Records shown:
◇ ◇ ◇ ◇

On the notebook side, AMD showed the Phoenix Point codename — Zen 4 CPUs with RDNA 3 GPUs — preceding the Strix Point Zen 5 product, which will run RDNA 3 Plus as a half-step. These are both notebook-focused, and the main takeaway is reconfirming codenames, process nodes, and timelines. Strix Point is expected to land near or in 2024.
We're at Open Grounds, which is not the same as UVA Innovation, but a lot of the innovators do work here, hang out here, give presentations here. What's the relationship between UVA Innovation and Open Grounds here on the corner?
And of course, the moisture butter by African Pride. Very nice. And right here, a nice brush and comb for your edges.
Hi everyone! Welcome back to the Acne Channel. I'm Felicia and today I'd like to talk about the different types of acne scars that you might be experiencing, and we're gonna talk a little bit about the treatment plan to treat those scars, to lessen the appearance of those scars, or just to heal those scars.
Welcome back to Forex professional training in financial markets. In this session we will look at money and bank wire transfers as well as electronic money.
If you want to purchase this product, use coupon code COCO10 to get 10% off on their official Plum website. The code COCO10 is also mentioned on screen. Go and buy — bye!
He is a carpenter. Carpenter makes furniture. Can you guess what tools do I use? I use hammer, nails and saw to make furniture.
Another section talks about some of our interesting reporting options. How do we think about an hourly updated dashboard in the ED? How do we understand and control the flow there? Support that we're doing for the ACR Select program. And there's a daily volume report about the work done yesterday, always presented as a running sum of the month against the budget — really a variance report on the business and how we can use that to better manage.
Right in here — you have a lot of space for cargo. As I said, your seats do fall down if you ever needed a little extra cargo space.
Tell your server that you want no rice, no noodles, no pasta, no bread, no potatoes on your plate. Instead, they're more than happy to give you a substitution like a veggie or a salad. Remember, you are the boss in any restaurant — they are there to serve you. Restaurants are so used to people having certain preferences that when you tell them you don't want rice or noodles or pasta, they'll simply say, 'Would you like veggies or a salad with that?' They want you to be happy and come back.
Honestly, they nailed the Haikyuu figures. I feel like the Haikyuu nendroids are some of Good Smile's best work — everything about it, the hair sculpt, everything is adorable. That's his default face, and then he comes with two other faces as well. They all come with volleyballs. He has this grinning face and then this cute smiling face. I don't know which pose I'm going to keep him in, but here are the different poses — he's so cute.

◇ ◇ ◇ ◇

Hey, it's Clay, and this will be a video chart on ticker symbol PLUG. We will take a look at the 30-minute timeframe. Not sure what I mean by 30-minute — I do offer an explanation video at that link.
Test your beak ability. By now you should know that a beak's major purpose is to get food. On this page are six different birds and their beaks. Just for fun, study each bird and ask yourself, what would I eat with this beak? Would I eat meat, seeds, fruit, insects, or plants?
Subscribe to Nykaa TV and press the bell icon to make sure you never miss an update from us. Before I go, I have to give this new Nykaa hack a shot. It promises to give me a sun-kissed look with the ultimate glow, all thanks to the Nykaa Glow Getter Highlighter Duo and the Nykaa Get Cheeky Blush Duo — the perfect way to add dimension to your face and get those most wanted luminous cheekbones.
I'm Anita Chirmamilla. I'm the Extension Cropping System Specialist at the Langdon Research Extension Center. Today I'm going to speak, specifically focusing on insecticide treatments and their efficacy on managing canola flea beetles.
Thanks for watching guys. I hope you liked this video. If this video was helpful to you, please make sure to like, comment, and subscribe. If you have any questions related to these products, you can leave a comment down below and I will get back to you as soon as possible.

◇ ◇ ◇ ◇

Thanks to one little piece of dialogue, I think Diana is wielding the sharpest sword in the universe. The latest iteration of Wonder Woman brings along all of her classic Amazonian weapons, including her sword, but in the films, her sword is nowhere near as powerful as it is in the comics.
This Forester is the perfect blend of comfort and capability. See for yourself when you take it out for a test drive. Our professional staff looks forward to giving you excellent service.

◇ ◇ ◇ ◇

Required work:
Among the entries above, the line containing "Test your beak", the line containing "Thanks for watching", and all lines between them are to be restated word for word; nothing else belongs in the reply.

Result for this task:
Test your beak ability. By now you should know that a beak's major purpose is to get food. On this page are six different birds and their beaks. Just for fun, study each bird and ask yourself, what would I eat with this beak? Would I eat meat, seeds, fruit, insects, or plants?
Subscribe to Nykaa TV and press the bell icon to make sure you never miss an update from us. Before I go, I have to give this new Nykaa hack a shot. It promises to give me a sun-kissed look with the ultimate glow, all thanks to the Nykaa Glow Getter Highlighter Duo and the Nykaa Get Cheeky Blush Duo — the perfect way to add dimension to your face and get those most wanted luminous cheekbones.
I'm Anita Chirmamilla. I'm the Extension Cropping System Specialist at the Langdon Research Extension Center. Today I'm going to speak, specifically focusing on insecticide treatments and their efficacy on managing canola flea beetles.
Thanks for watching guys. I hope you liked this video. If this video was helpful to you, please make sure to like, comment, and subscribe. If you have any questions related to these products, you can leave a comment down below and I will get back to you as soon as possible.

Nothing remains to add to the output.